Just to be transparent about motivations, I'm building a system based on Gen which uses JAX.

From Oryx's core, I'd like to use the inverse and ildj transforms to support an "exact logpdf" language, whose model objects act like distributions (a bit more about Gen: there is no single modeling language - there's a collection of languages for models, whose objects implement an abstract interface - distributions are one such object, and I'm considering a language for "distributions + ILDJ compat functions" as another such implementor of the interface).

The implementation of these transformations in Oryx seem well designed for this task -- so I'd like to use Oryx (or, at the very least, the conceptual content of Oryx) for the task.

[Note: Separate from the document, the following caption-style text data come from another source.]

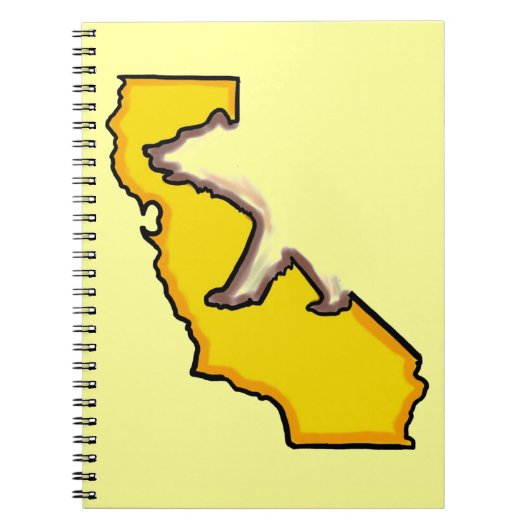 Californische beer, symbool gele laptop notitieboek (Voorkant)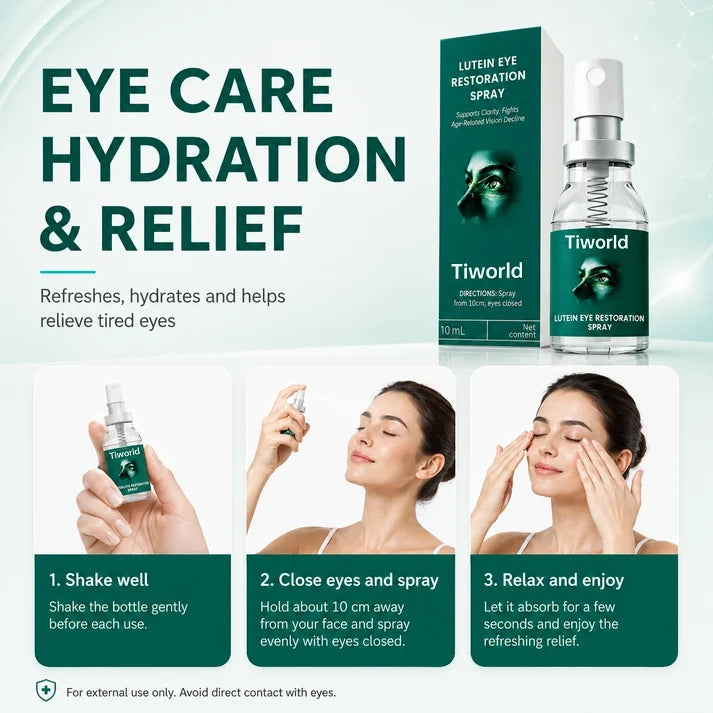 Tiworld® Lutein Eye Care Spray — 10-Second Daily Routine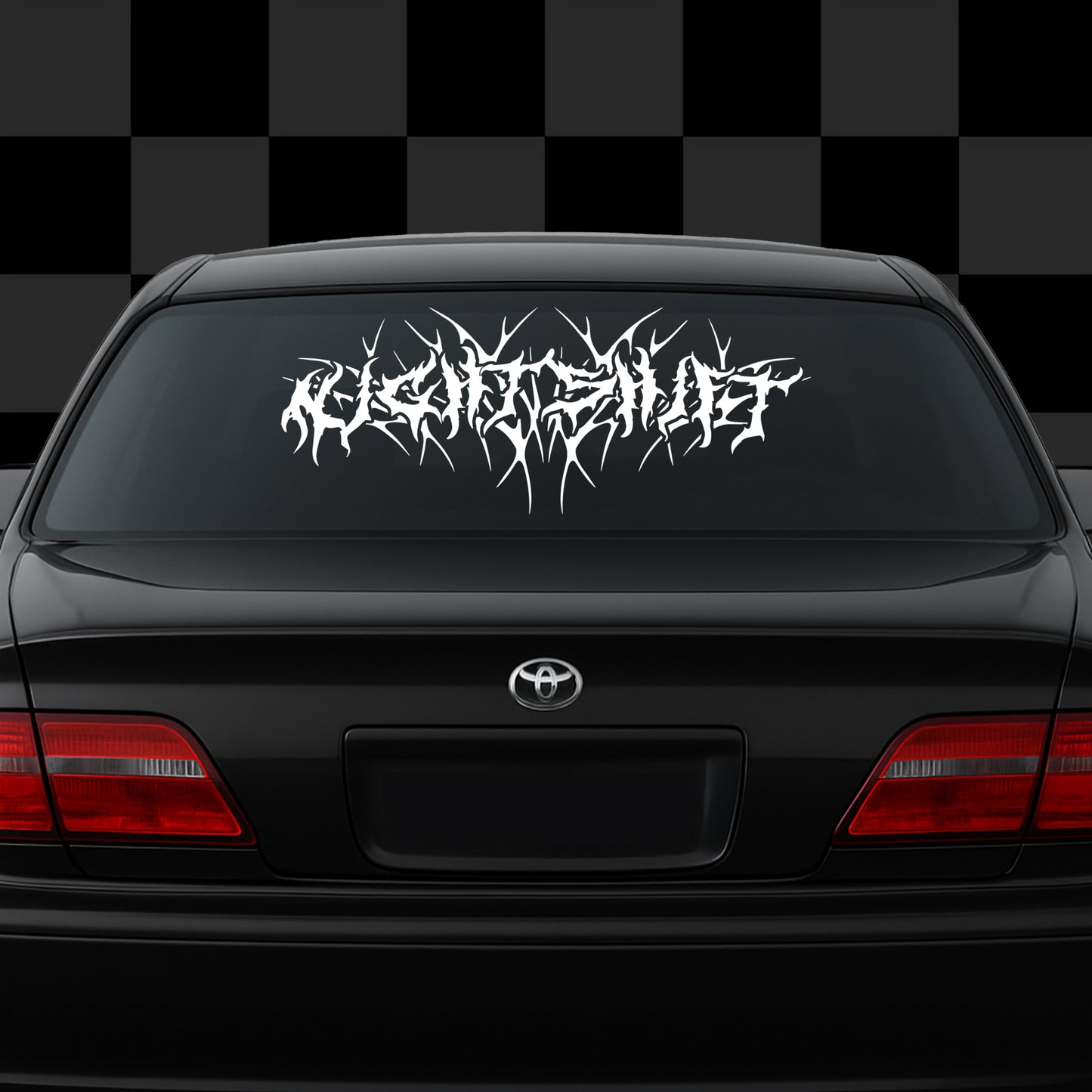 Spike Banner - Die-Cut Decal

I've also been considering the maintenance/dev model of Oryx -- as I was considering Oryx as a dependency. Depending on information about the maintenance of Oryx:

  • I was considering forking the transformation code for inverse and ildj -- I've used the propagate interpreter for another language previously, so I already have a modified version of that in my codebase -- but I really wanted to wait to do any forking/mangling until I could converse with you. There's parts of the library which I would likely make great use of, and other parts which I don't necessarily think I would use (e.g. I think I wouldn't actually use any of the inference modules, but potentially the nn and optimizer module might be useful, if I'm understanding their value prop - see below).
  • You would have a better understanding than me about this -- do you feel like the current state of Oryx is "ruleset complete" for ILDJ/inverses?

A few other things I've been thinking about in Oryx proper:

  • I'd love to chat about the nn module -- and the intent behind it. One fascinating value proposition would be supporting nn parametrized functions which operate on random variables -- which are also compat with ILDJ. I'm sort of guessing that's what was intended. In Gen's Julia implementation, we constructed an "invertible transformation" distributions DSL - but it's less expressive than Oryx - and I don't think we seriously considered neural networks + ILDJ.

Cool work! I will admit, when I first looked at Oryx - I totally misjudged the conceptual content - only recently did I really appreciate the language value proposition and design.

Thanks for any comments.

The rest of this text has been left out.